Revue

Le rapport au réel ou de quoi parle la philosophie ?

Le but de mon intervention est de montrer comment il y a souvent un grand absent de nos cours de Philosophie, le réel. Pour mieux comprendre, je vais partir d'une difficulté parmi tant d'autres, rencontrée dans les cours de philosophie.

Il y a bien des difficultés en classe de philosophie. Ici je voudrais en aborder une à partir d'expériences de lecture en classe. Souvent, lorsqu'on lit un texte, on se trouve face à une espèce de discussion implicite, entre celui qui écrit et ce qui a été pensé avant lui, ou avec un autre auteur, une autre école, une autre tendance. Il y a des absents du texte, avec qui, pour qui, ou contre qui la pensée s'est construite. Ce côté dialogique rend l'abord de la philosophie difficile pour nos élèves. Mais surtout un texte qui s'adresse fondamentalement à quelqu'un d'autre, ne s'adresse pas vraiment à nous.En effet les moyens que ce texte se donne pour prouver comment on doit penser ne sont pas conçus pour convaincre un élève de terminale, mais convaincre quelqu'un qui sait ce que d'autres pensent et qui s'est déjà approprié leur logique, leur cohérence et leur histoire. Face à cette complexité étrangère, il est facile de ne pas se sentir trop concerné. C'est comme rentrer dans un salon où une intense discussion a lieu, et vraiment n'avoir aucune idée de ce qui se passe et de quoi on parle.

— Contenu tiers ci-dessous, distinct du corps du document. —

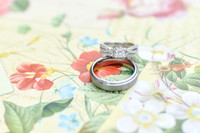 Jarrell Pre-Ceremony & Wedding Gallery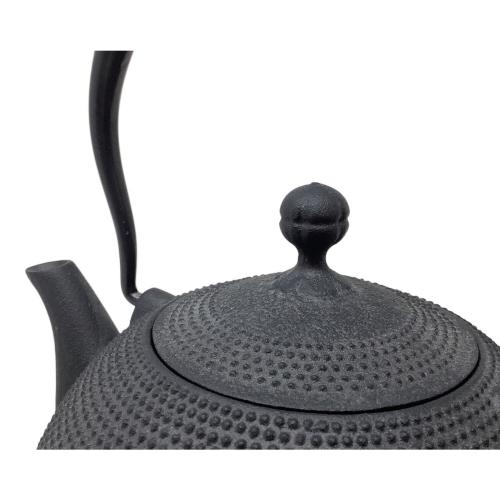 南部鉄器 観月あられ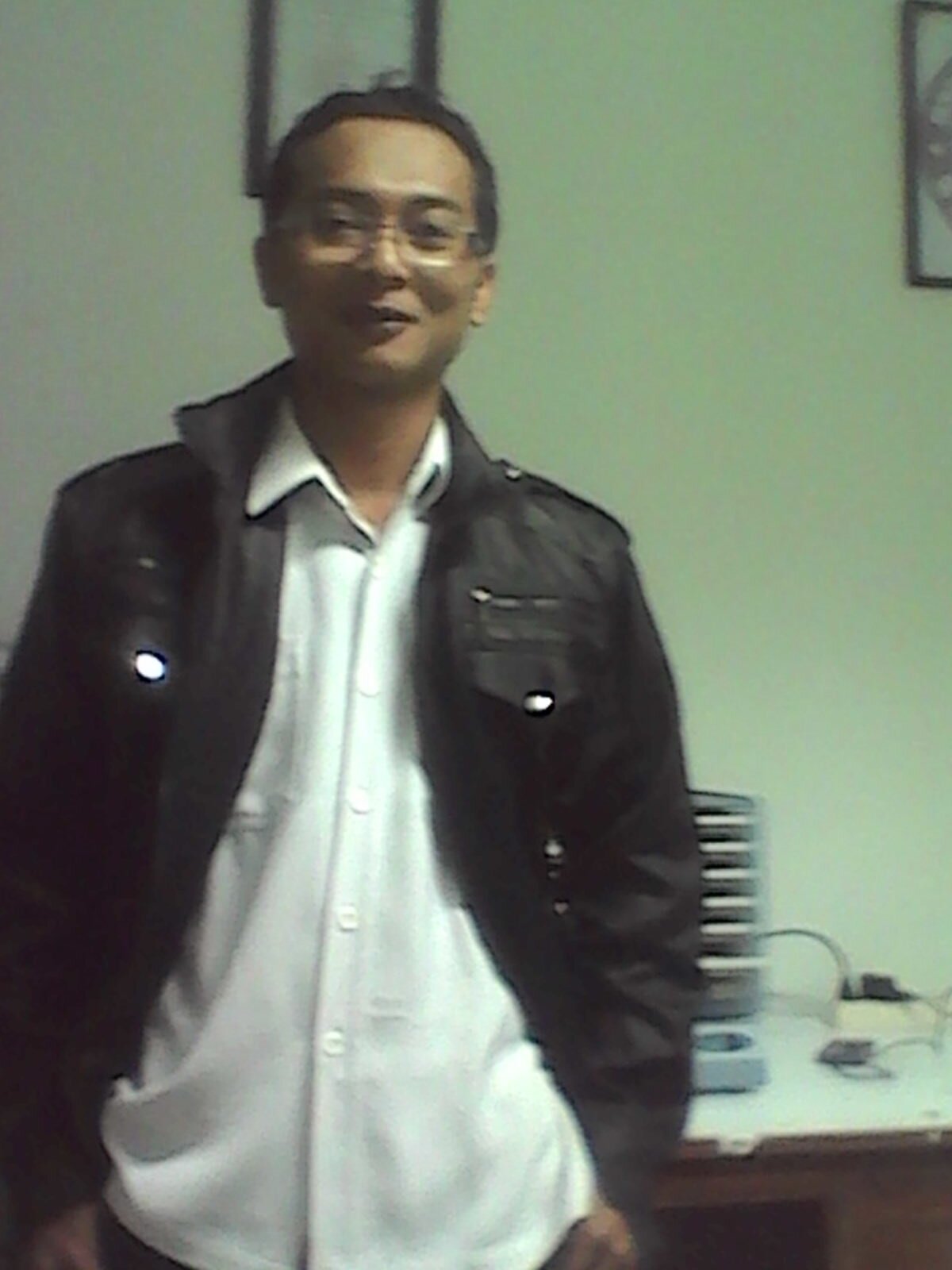 Suharsoutomo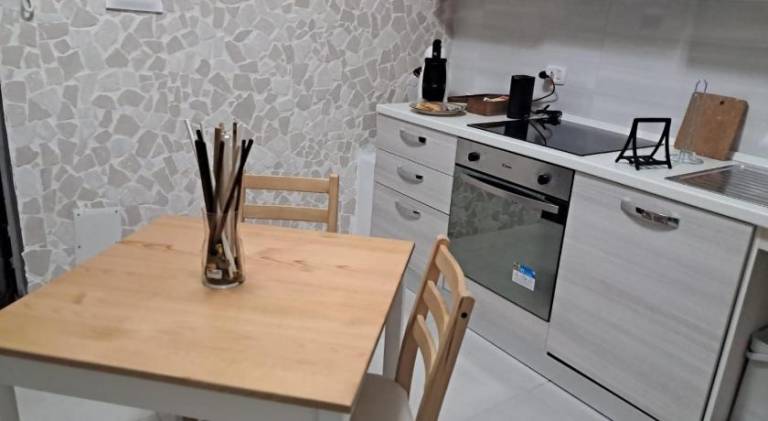 Apartment | Near Naples Cathedral — photo 5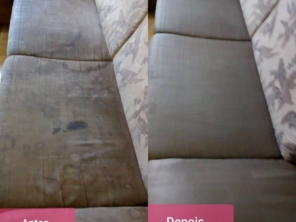 Foto de Botuclean - Limpeza Profissional de Estofados em Botucatu, SP por Solutudo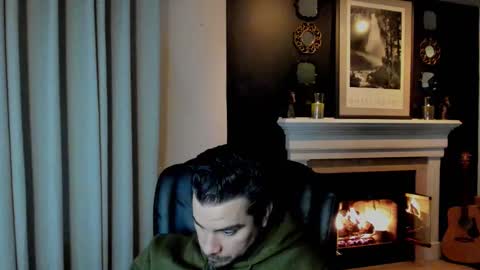 m4ck online show from 20, 2, 2025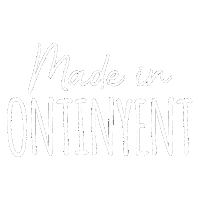 Ontinyent Sticker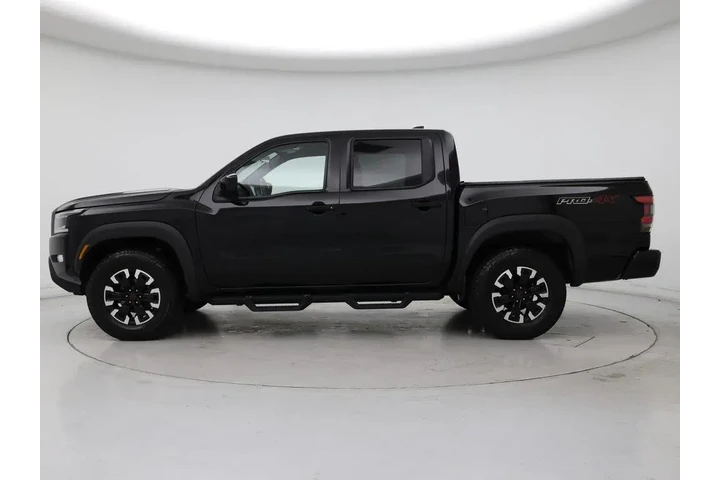 $32998 : Nissan Frontier 2022 4x4 PRO image 3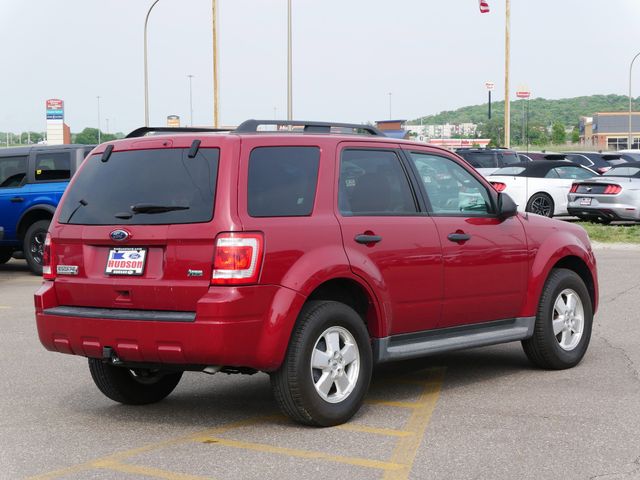 2011 Ford Escape XLT 17
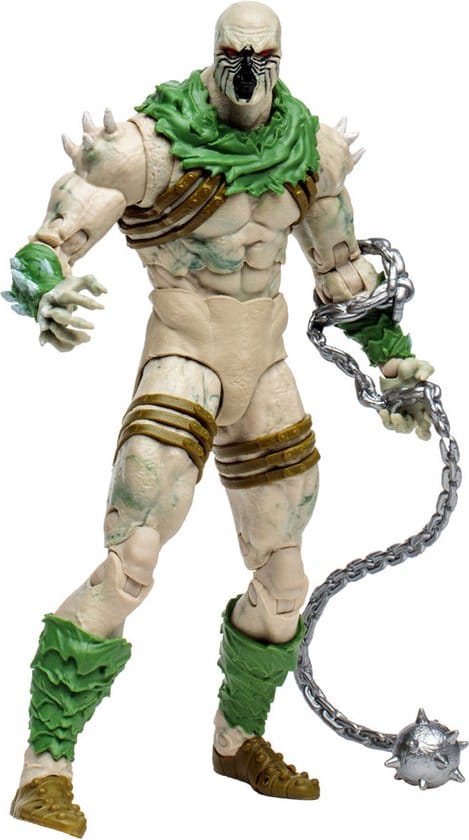 Spawn Action Figure King Spider 18 cm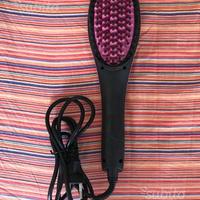 Spazzola piastra lisciante Simply Straight NUOVA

Il nous arrive à nous enseignants, d'expliquer ces conflits d'idées et leurs enjeux, d'expliquer Descartes en le situant "contre" tout le Moyen Age. Certains professeurs le font d'une façon lyrique comme on décrirait l'histoire des idées à la manière de Hegel. J'ai introduit avec un vrai plaisir les Stoïciens et leur arrivée bouleversante dans un monde changé et élargi et leurs idées monistes révolutionnaires et sémites. Mais, est-ce de la philosophie ? Partiellement, mais pas seulement. C'est surtout mon petit plaisir personnel.

Ce dont on parle en lisant des textes, est souvent une pensée, celle d'un auteur, dans lequel le professeur tente d'apprendre à entrer, avec qui il voudrait que ses élèves découvrent une proximité et qu'ils puissent vouloir imiter, avec qui ils pourraient éprouver de la fascination à s'identifier. Cela arrive parfois, mais est-ce possible pour toute une classe ? Est-ce philosopher ?

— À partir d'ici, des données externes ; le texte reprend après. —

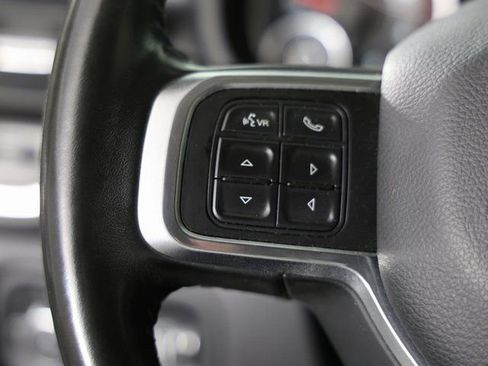 Used 2020 RAM 2500 Laramie image 15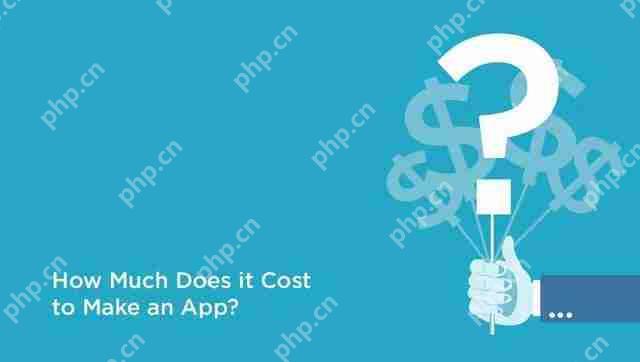 App软件开发制作公司,哪些服务是必须的?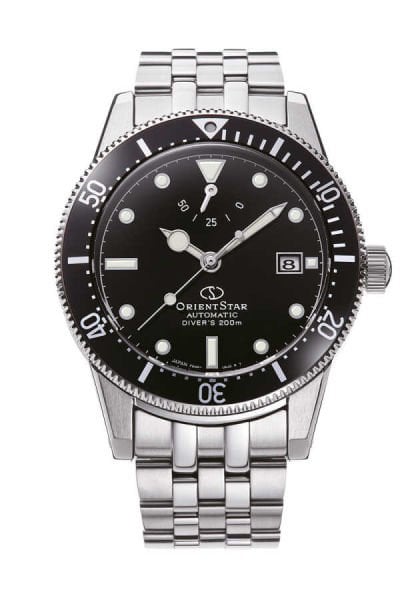 Orient Star Otomatik RE-AU0601B00B Erkek Kol Saati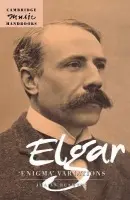 Elgar: Enigma Variations - Rushton, Julian (University of Leeds)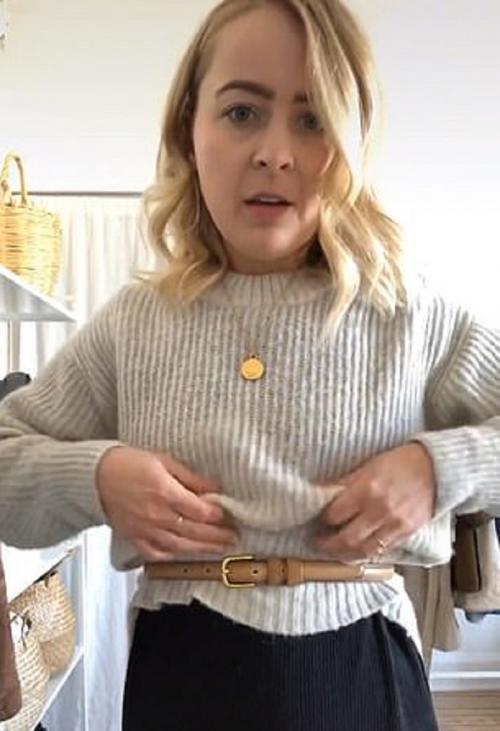 Как стилисты выбирают одежду клиентам. Кто такой стилист и чем он занимается 16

Même si le contact avec ce genre d'expérience peut être très marquant, cela reste une expérience rapportée, celle de l'auteur qu'il fait partager à un privilégié, et fait découvrir en lui comme possible. C'est vrai que l'auteur élargit dès lors l'expérience personnelle de cet élève, et le fait penser dans, avec, et par cette expérience élargie. Mais le lecteur doit jouer le jeu, et les élèves n'entrent pas tous dans ce processus.

J'ai voulu montrer que ces approches que le professeur choisit peuvent être :

  • plus cultivées, ou plus historiques ;
  • plus émotives ou tendues à ce à quoi l'élève adhère par l'imitation ;
  • plus tendues vers la découverte de l'auteur comme une personne à laquelle on s'attache par sa pensée comprise et apprise ;
  • parfois seulement réduites à une formation rationnelle de l'argumentation et de la cohérence.

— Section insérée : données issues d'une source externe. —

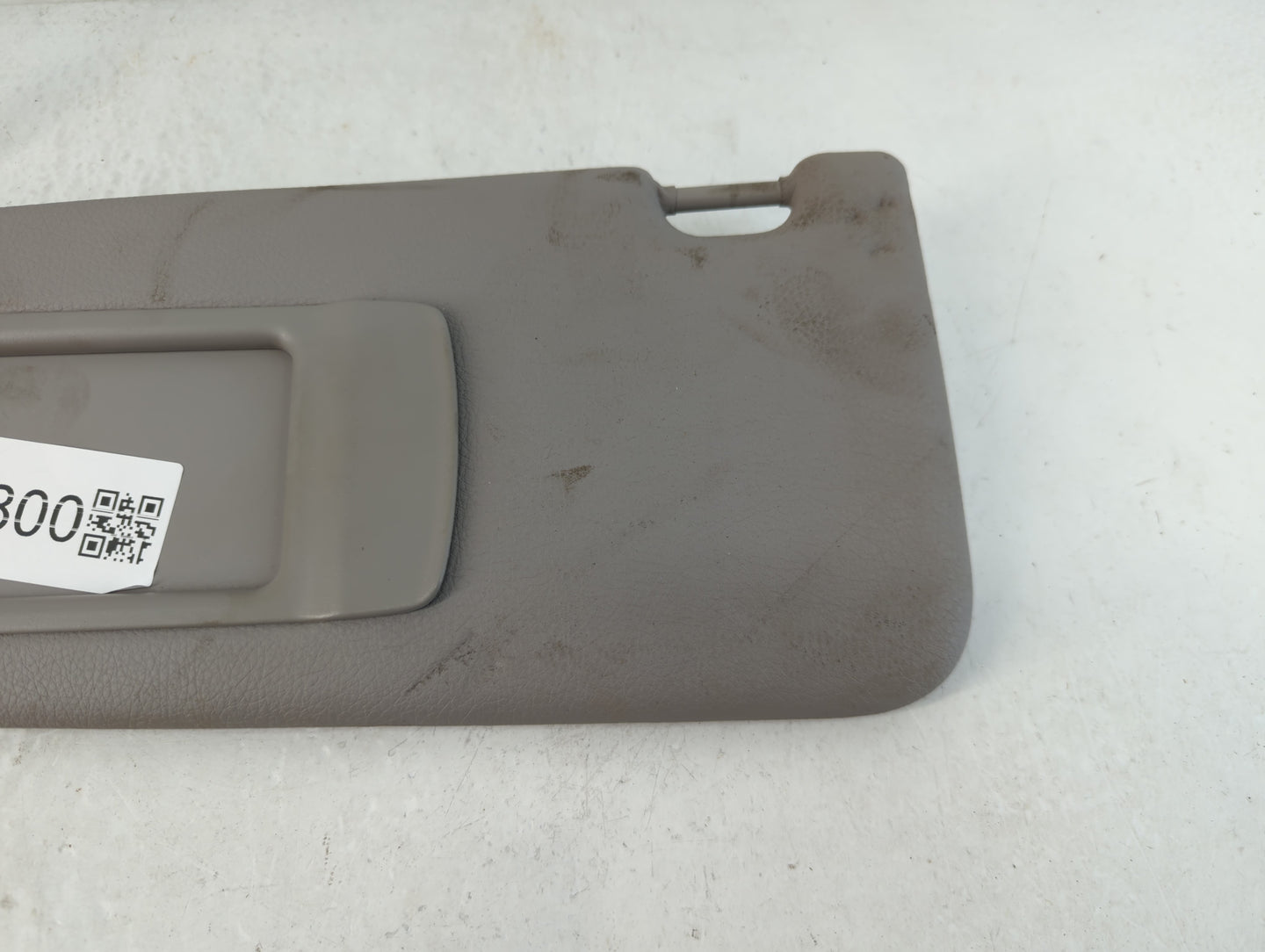 2010-2016 Bmw 535i Sun Visor Shade Replacement Driver Left Mirror Fits Fits 2010 2011 2012 2013 2014 2015 2016 OEM Used Auto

Toutes ces approches sont pleines de richesse, mais elles passent souvent au-dessus ou à côté de la tête d'une portion de la classe. Les élèves restent extérieurs à l'expérience du philosopher par soi-même. Il est vrai que depuis le début de leur scolarité, la majorité des élèves ont appris à laisser eux-mêmes quelque part, à la maison ou accroché dans l'entrée de l'école avec leur jaquette. Convoquer sa personne, sa vie, son intimité, n'est pas naturel à l'école. L'élève a appris à être rationnel et pudique.

Pour philosopher, que faut-il ? Tout ce dont j'ai parlé peut susciter un déclic de pensée. Mais pour faire penser toute une classe, il faut passer par une expérience commune du même réel. Ainsi les grands problèmes, la mort, la vie, l'amour, la liberté, le bonheur, le bien, le mal, la peur, le courage, la honte etc. sont des thèmes que l'on peut aborder par des approches simples comme un support imagé ou une expérience personnelle ou un évènement d'actualité, une histoire à laquelle on s'identifie (Que feriez-vous à sa place ?), etc. Ces approches font directement penser. Et l'élève pense à sa propre vie, à son expérience qu'il met en question, qu'il réfléchit, et qu'il interroge à la première personne. Mais surtout qu'il regarde. Lorsqu'il pense et parle dans une discussion, ce morceau de sa vie qui lui sert d'objet auquel il se réfère, il va y revenir, et y re-revenir, chaque fois pour se corriger et ainsi pour affiner sa pensée, et la rendre sienne. C'est une expérience de vérité, car il y a une tension vers l'adéquation entre ce que l'élève dit et le réel, le sien qu'il cherche à penser, ce réel qui se donne "en dessous" de cette expérience de nécessité de se recorriger. Le réel est présent avec son exigence. Je suis convaincue que la répétition de ce type de travail permet de prendre l'habitude de revenir au réel et de peu à peu bien le regarder. Alors que toute la philosophie comme patrimoine et grande culture, ne parvient pas d'elle-même à nouer un rapport habituel avec le réel si son apprentissage n'est pas précédé d'une réflexion sur l'expérience.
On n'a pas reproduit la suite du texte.